Если говорить о недавних событиях, хотя и в другом регистре, то здесь можно вспомнить о том, как естественно и одновременно ловко президент Хорватии подключилась к достижениям своей сборной, которая дошла до финала последнего чемпионата мира по футболу. Влияние, которое она тем самым обрела в хорватском обществе, а также ее возвышение как политика в европейских масштабах показывает нам, что спорт может быть еще одним способом ведения политики. Я хорошо помню, что мои первые впечатления от независимой Хорватии с ее особой идентичностью были связаны как раз с массовым спортом. На самом деле в этом заключалась стратегия первого президента Хорватии постюгославского периода — Туджмана, который говорил, что спорт — это «первое, что может различать народы после войны». Я помню финал олимпийского баскетбольного турнира в 1992 году, который хорваты проиграли только американской сборной, так называемой «Дрим Тим», в состав которой входили Майкл Джордан, Мэджик Джонсон и Ларри Берд. Помню, как весь мир следил за вступлением Дражена Петровича в команду недосягаемых звезд НБА и каким шоком для всех стала его трагическая гибель — культ хорватского баскетболиста до сих пор силен в Загребе. Наконец, приход золотого поколения хорватских футболистов в разгар крупнейших футбольных соревнований, на Евро-96 и на чемпионате мира 1998 года (Хорватия занимает третье место) — и все время впереди блистательная пятерка чемпионов мира (титул, завоеванный ими в категории до 20 лет в 1987 году, тогда еще под флагом Югославии): Шукер, Бобан, Ярни, Штимац и Просинеки. Именно этот спорт помог быстро укрепить хорватскую нацию в регионе, где шла война.

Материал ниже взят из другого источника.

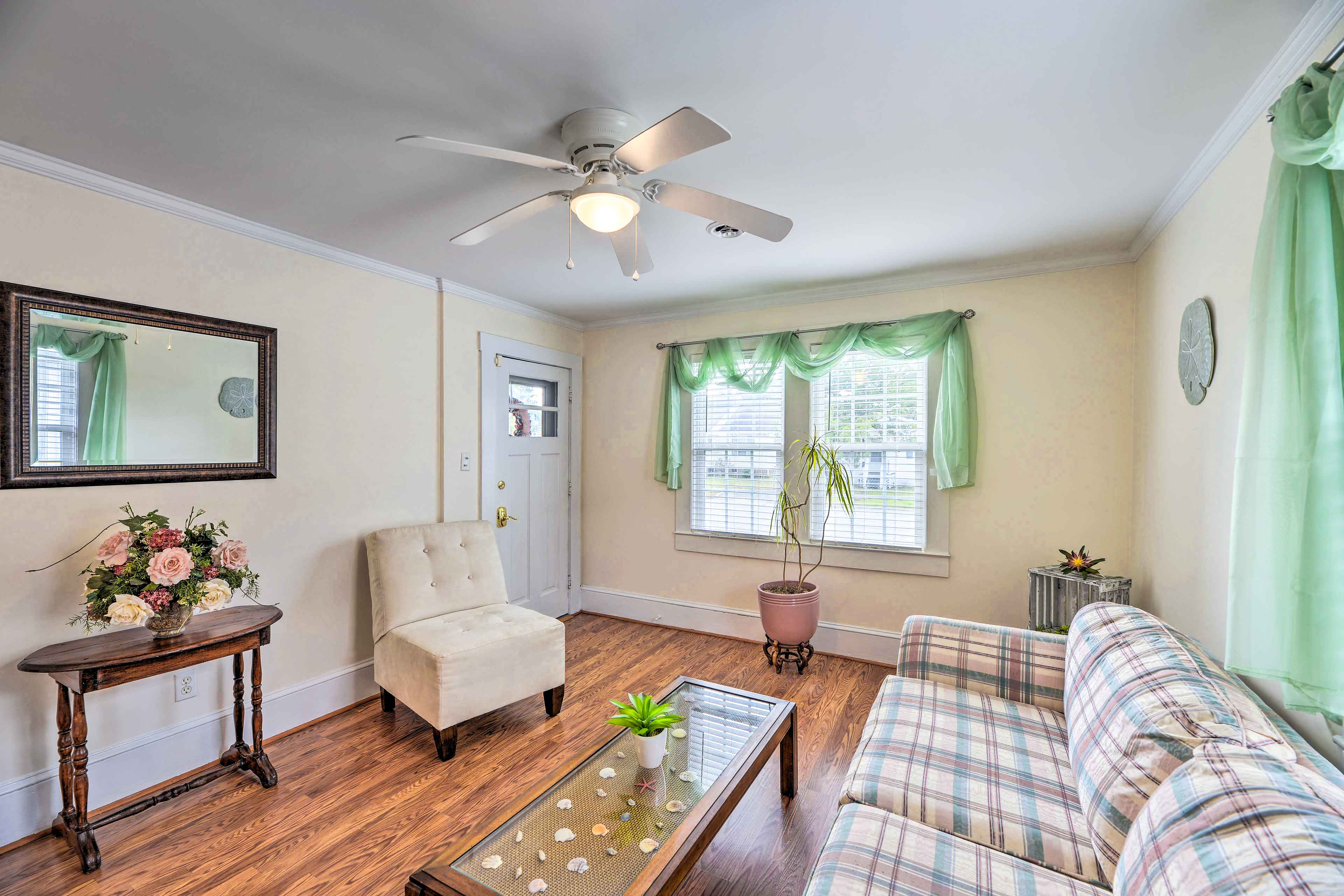 Living Room | Ceiling Fans | Central Air Conditioning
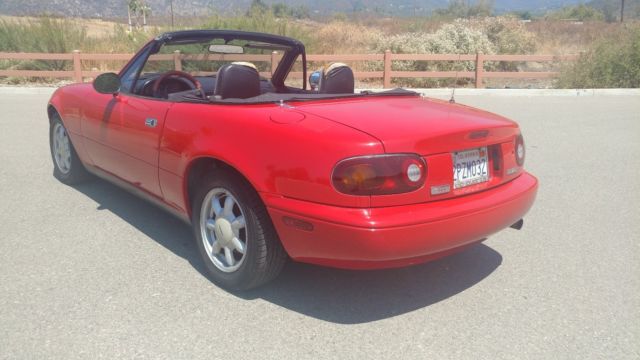 1990 Red Mazda MX-5 Miata Convertible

Между тем новая геополитика спорта, начатая в Пекине (2008), охватила все страны-члены БРИКС за исключением Индии. Южная Африка провела у себя Кубок мира 2010 года, Бразилия — Чемпионат мира по футболу 2014 года и Олимпийские игры 2016 года, Россия — Зимнюю Олимпиаду 2014 года и мундиаль 2018 года, а в Пекине в 2022 году пройдут очередные Зимние Олимпийские игры. Тогда как Катар, эмират Персидского залива, занимающий самую смелую позицию в международной политике, будет принимать у себя самый дорогой за всю историю футбола чемпионат мира в 2020 году, несмотря на свою вовлеченность в расследование фактов взяток делегатам ФИФА, которые уже привели к арестам. Что всех их объединяет? Отмывание бюджетных средств, неискоренимая коррупция, выставление напоказ своего режима, международный шарм. К чему я это? А вот к чему: либо геополитика спорта, которую ведет БРИКС, служит делу нормализации международных отношений этих стран, либо речь идет лишь о тайном сговоре лидеров организаций и режимов, которые преследуют свои мелочные цели и не гнушаются никакими типами схем. Я склоняюсь ко второму предположению. Под видом «первоклассной организации» скрывается порочный мир, чуждый спорту и обществам принимающих стран. Выигрывают от этого немногие, тогда как теряем мы все.